2025: current recommendations for bufferbloat testing

Note this is work in progress, and will see some more edits....

Tuning one's own internet access for low latency under load (aka bufferbloat) can be quite satisfying and the end result is a generally better internet experience. To make the tuning fun and efficient it can be quite helpful to know which tools are available to assess the current latency-under-load behaviour. In my experience there are several levels of tooling available, all with different pros and cons. Here I try to give the main categories I see, with examples and a quick evaluation.

The browser-based tests

These tend to be the most convenient, as "everybody (and almost every device) has a browser". That is generally true, and modern browsers are marvels of utility, yet, they are not perfect for high fidelity, high-quality measurements (see below).
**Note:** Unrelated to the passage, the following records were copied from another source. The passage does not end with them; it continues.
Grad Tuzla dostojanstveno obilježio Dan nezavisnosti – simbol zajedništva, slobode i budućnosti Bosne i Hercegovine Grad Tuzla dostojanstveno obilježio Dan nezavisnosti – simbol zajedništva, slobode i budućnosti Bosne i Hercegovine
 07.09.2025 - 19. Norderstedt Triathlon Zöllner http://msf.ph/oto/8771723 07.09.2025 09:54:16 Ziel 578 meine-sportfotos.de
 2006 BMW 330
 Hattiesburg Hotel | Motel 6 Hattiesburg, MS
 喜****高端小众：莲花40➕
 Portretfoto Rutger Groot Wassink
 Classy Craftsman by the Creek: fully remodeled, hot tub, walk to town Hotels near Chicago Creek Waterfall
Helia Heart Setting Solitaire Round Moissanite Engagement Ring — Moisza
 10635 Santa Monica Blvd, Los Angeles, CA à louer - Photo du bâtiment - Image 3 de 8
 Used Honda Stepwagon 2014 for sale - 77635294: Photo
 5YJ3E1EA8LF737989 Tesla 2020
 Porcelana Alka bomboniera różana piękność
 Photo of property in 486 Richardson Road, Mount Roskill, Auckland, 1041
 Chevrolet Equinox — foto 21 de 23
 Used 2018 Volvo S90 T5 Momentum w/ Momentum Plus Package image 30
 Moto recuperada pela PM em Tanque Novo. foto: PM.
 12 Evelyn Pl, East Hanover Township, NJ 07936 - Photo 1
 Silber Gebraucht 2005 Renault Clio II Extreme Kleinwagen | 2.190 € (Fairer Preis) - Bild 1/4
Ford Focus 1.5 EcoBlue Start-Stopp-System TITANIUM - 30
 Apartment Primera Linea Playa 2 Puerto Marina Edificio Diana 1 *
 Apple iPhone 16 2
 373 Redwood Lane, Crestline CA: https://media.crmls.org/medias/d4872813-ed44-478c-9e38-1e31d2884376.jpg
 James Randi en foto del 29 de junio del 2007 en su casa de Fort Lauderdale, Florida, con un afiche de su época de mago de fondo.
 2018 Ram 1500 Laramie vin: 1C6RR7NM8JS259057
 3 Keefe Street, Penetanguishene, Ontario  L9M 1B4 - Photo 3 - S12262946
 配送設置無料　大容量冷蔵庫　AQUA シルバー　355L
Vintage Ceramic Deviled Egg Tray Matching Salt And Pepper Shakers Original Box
Still for quick tests or for getting started these are invaluable.

1) Waveform's bufferbloat test (https://www.waveform.com/tools/bufferbloat)

Pros:

  • Measures latency (and throughput) during idle, download, and upload epochs.
  • High number of latency samples
  • Shows latency distributions (and summary statistics) for the three epochs separately
  • Allows exporting data as .csv file (contains all latency samples, but only aggregate summaries for the throughput)
  • Operated from cloudflare CDNs so typically will find a reasonably close by server location.

Cons:

  • Tests are relative short (common for on-line tests, someone needs to pay for the server capacity)
  • No bidirectionally saturating measurement phase

2) Cloudflare's Speedtest (https://speed.cloudflare.com)

Pros:

  • Measures latency (and throughput) during idle, download, and upload epochs.
  • Measures throughput for differently sized objects
  • Also includes a packet loss test
  • Shows latency distributions (and summary statistics) for the three epochs separately
  • Allows exporting data as .csv file (contains only aggregate summaries for throughput and latency), latency numbers can be manually scraped from the web page...
  • Operated from cloudflare CDNs so typically will find a reasonably close by server location.

Cons:

  • Tests are relative short (common for on-line tests, someone needs to pay for the server capacity)
  • No bidirectionally saturating measurement phase
  • Relative low number of latency samples

NOTE: the results page contains the local IP address as well as maps of the server location and the estimated client location. If you consider these sensitive, redact them before sharing. In my case the geoIP is just really far off (100s of kilometers) and my IPv6 prefix changes every day, so I am not concerned sharing these, but be aware...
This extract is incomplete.